(1.) This is an application for the revision of an order passed by the Joint magistrate of Cawnpore, on April 1st, 1912.
(2.) The Magistrate was asked to cancel a charge-sheet, which he had drawn up against the petitioner. He was also asked to take the evidence of witnesses which the accused wished to produce before him. He declined to cancel the charge and ho also declined to take the evidence. Ordinarily, this Court is most unwilling to interfere with interlocutory orders; in the present case, however, it is abundantly clear that the Court below has not adopted the procedure prescribed by law. It has followed a procedure of its own and it seems better that in an important and elaborate case like the present, the Court should be put back so far as possible upon the proper procedure, viz., that prescribed by law. My experience is that when Courts follow arbitrary procedure of their own invention, difficulties and confusions are sure to arise. In the present case, the accused, according to a charge-sheet, which has been drawn up by the Joint Magistrate, is charged with committing criminal breach of trust in respect of a sum of Rs. 46,085. A case of this kind is obviously one, which should be tried by a Court of Session and not by a Magistrate. In saying this I must not be understood to interfere with the powers of a Magistrate as given in Section 213 of the Criminal Procedure Code. I have not heard the merits of the case and I know nothing further about it beyond this that according to the complaint the accused is supposed to have been entrusted with money and to have committed breach of trust over a very large sum. As soon as this was known to the Court, or perhaps I should rather say to the prosecution, the case should have been pushed on in the channel provided by Chapter XVIII of the Criminal Procedure Code. It was, on the face of it, not a case for trial in the form provided by Chapter XXI. I cannot conceive any Magistrate of experience holding the opinion that the case was not one which ought to be tried by a Court of Session.
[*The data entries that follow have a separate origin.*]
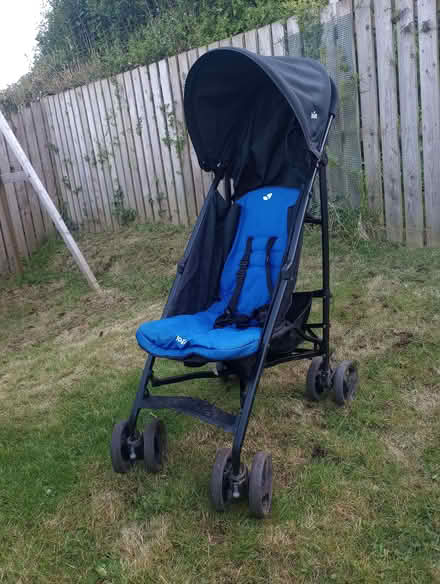 Photo of free Buggy (Kinghorn KY3) #2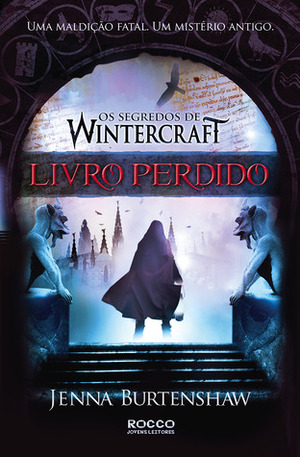 Livro Perdido by Jenna Burtenshaw, Dilma Machado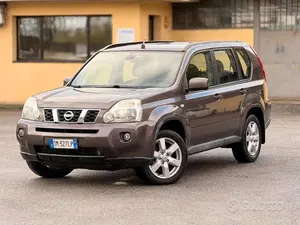 Brugt Nissan X-Trail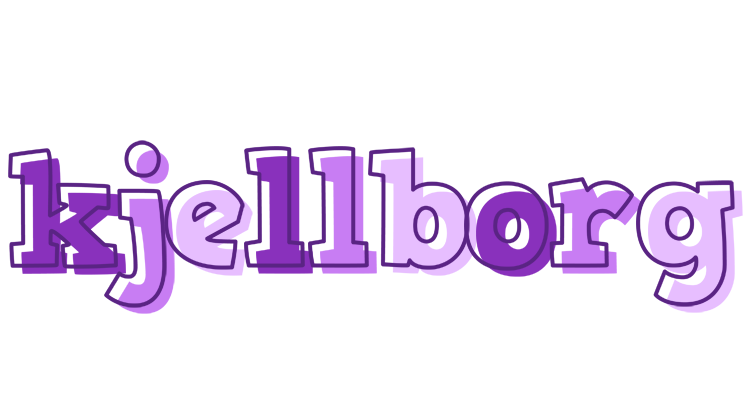 Kjellborg sensual logo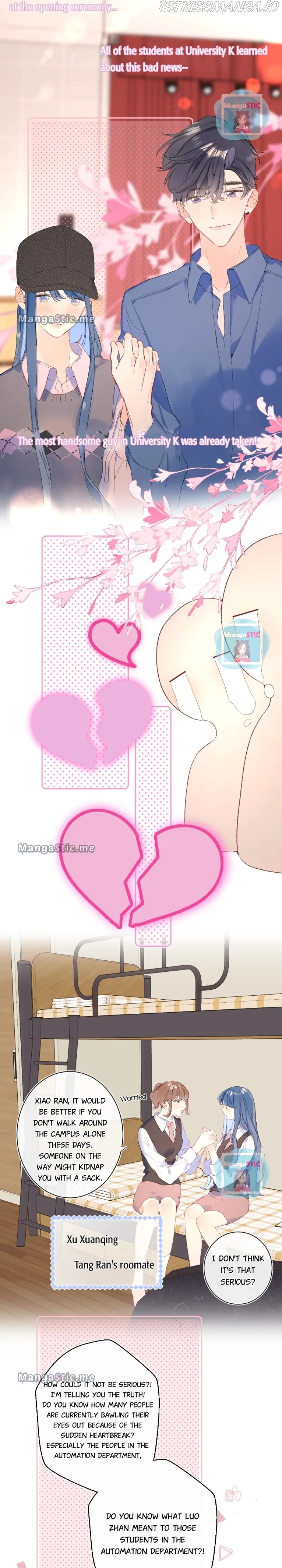 Don’t Cry Chapter 115.5 Online - página 3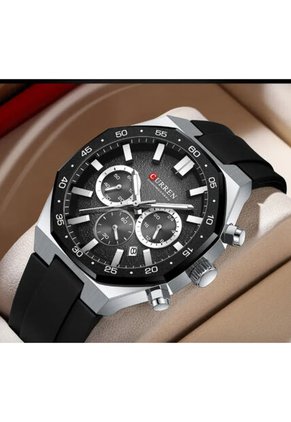 Reloj Curren Modelo KREE4401 Negro Hombre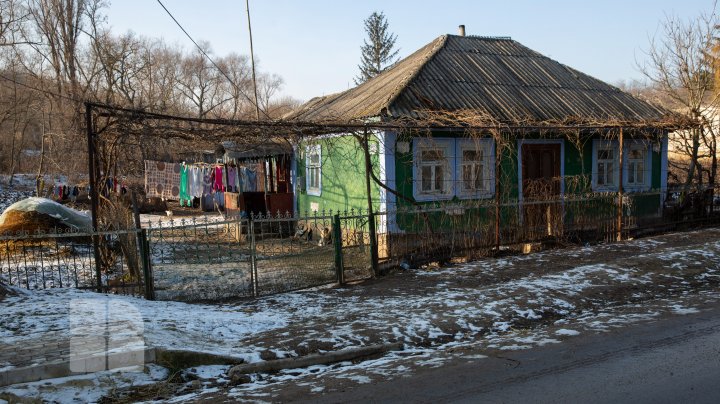 (Фоторепортаж) Пустые села Молдовы: в Сорокском районе три населенных пункта существуют только на бумаге 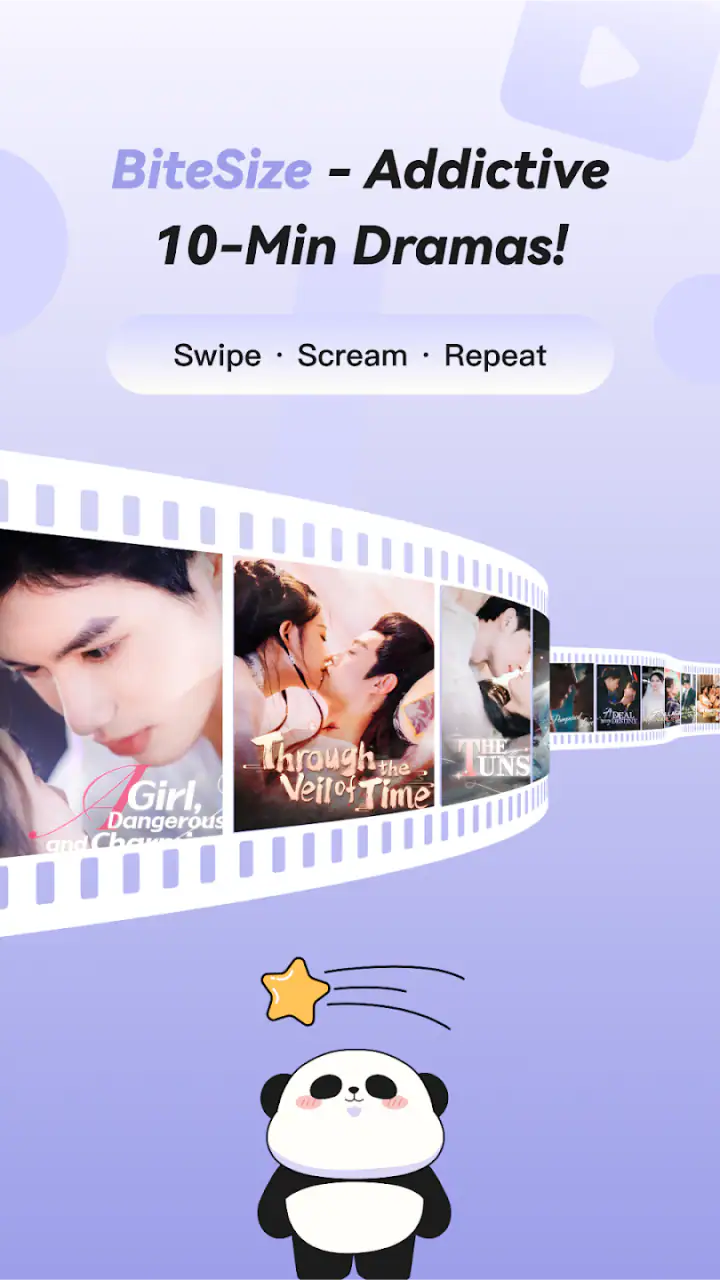PandaLoom-Movies & Dramas screenshot 1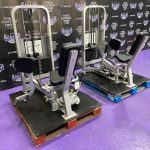 Cybex VR2 Adductor & Abductor Matching Pair – Inner & Outer Thigh Cybex VR2 Adductor & Abductor Matching Pair – Inner & Outer Thigh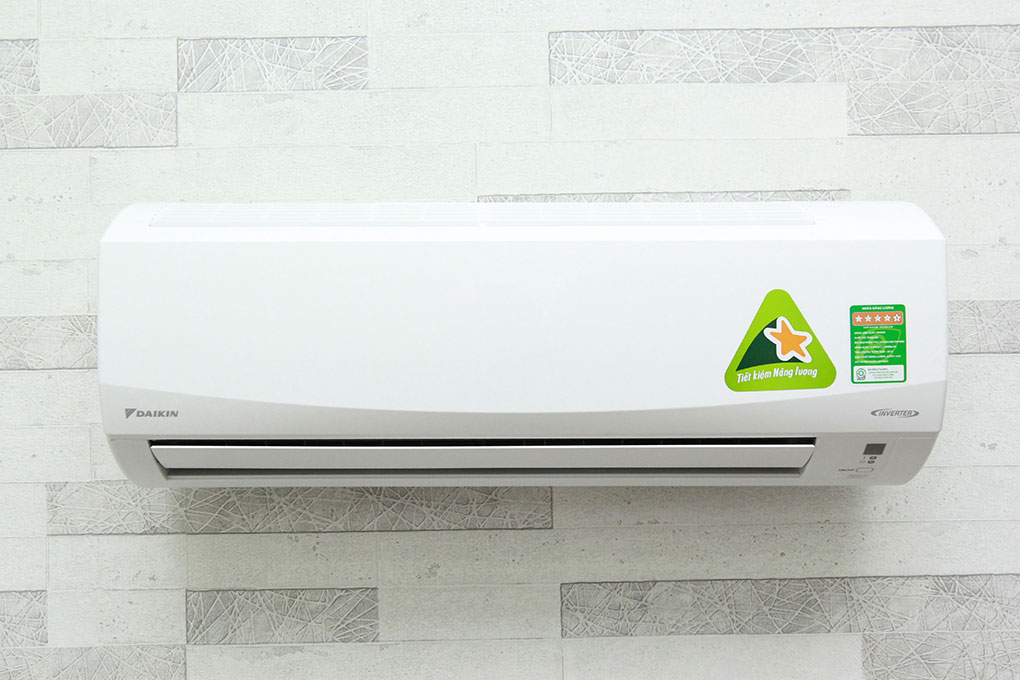 MÁY LẠNH DAIKIN INVERTER 1.5HP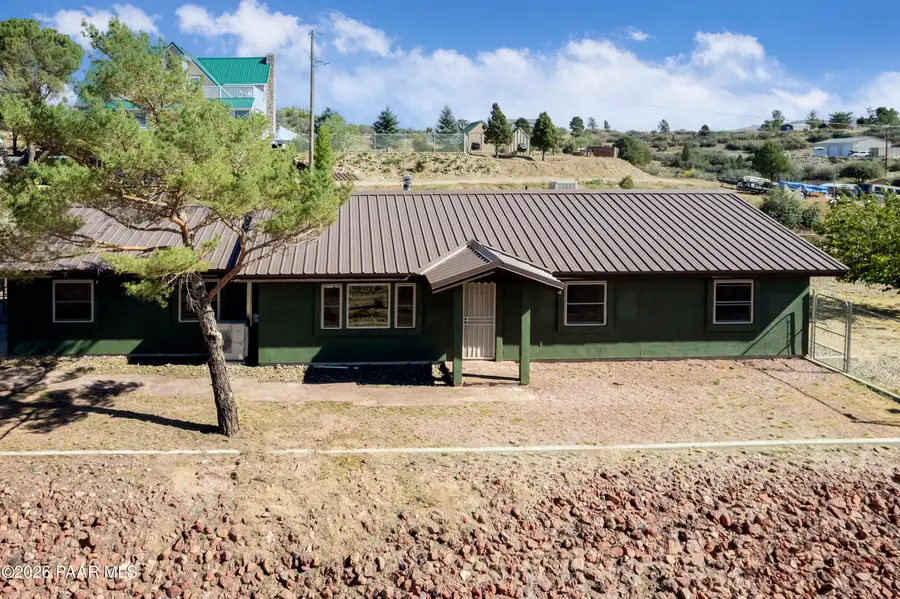 18059 S Country Club Drive, Peeples Valley, AZ 86332 - #3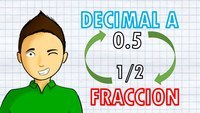 Convertir decimales y fracciones - Grado 10 - Quizizz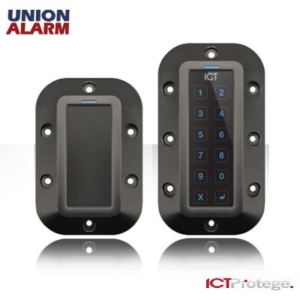 Card-Readers-ICT-Rugged-Access-Keypad-ReaderUnion-Alarm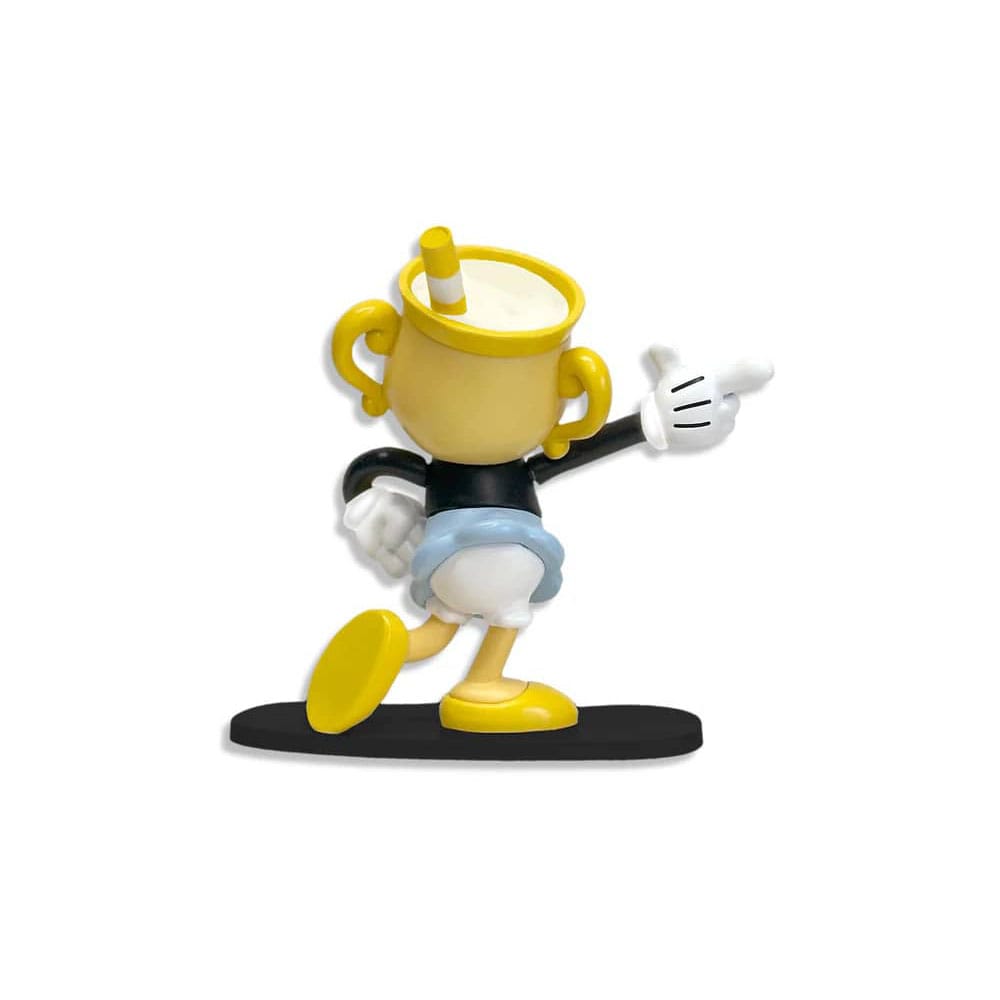 Cuphead Mini Create a Figure Figure Ms. Chalice - MangaShop.ro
(3.) The Magistrate in his order of 1st April says that in this case the ordinary procedure of a warrant trial was followed. I venture to doubt this, but I am not concerned with going into the question further, as I hold that the case is one in which the procedure given in Chapter XVIII should have been adopted. It is interesting to note here, that the complainant was represented in this Court by a Vakil of great ability and experience who admitted that the case is one in which the procedure allowed by Chapter XVIII should have been followed. The point I have to see is whether there has been material irregularity in the procedure by refusing to summon the witnesses of the accused and framing the charge before their evidence and whether as a result of such refusal it is expedient that the order of the 1st of April should be altered. In every inquiry into a sessions case, a Magistrate is bound, before he draws up a charge, to take all such evidence as may be produced (1) in support of the prosecution. (2) on behalf of the accused and (3) as may be called for by the Magistrate. If he does not take that evidence, he errs, unless he can justify his procedure, on some such ground as, let us say, the evidence of such and such a witness produced is obviously irrelevant or that he considers the fact in issue between the parties proved ore way or the other by the evidence already produced. A Magistrate is further bound, if the complainant, or the officer conducting the prosecution or the accused applies to him, to issue process to compel the attendance of witnesses, to issue such process and, as a matter of consequence, to take the evidence thus caused to be produced. Here these is one exception provided by law, the Magistrate can record reasons showing that it is unnecessary to compel the attendance of witnesses in question and can in such a case decline to issue process. As each witness, out of the classes mentioned above, is examined, the accused is at liberty to cross-examine him. From the wording of Section 208, it seems abundantly clear that the intention of the Code was that as each witness was examined, he should be then and there cross- examined and re-examined and allowed to go to his home. The Code has considerations for witnesses and their convenience, but this consideration is not, I regret, always shared by Magistrates.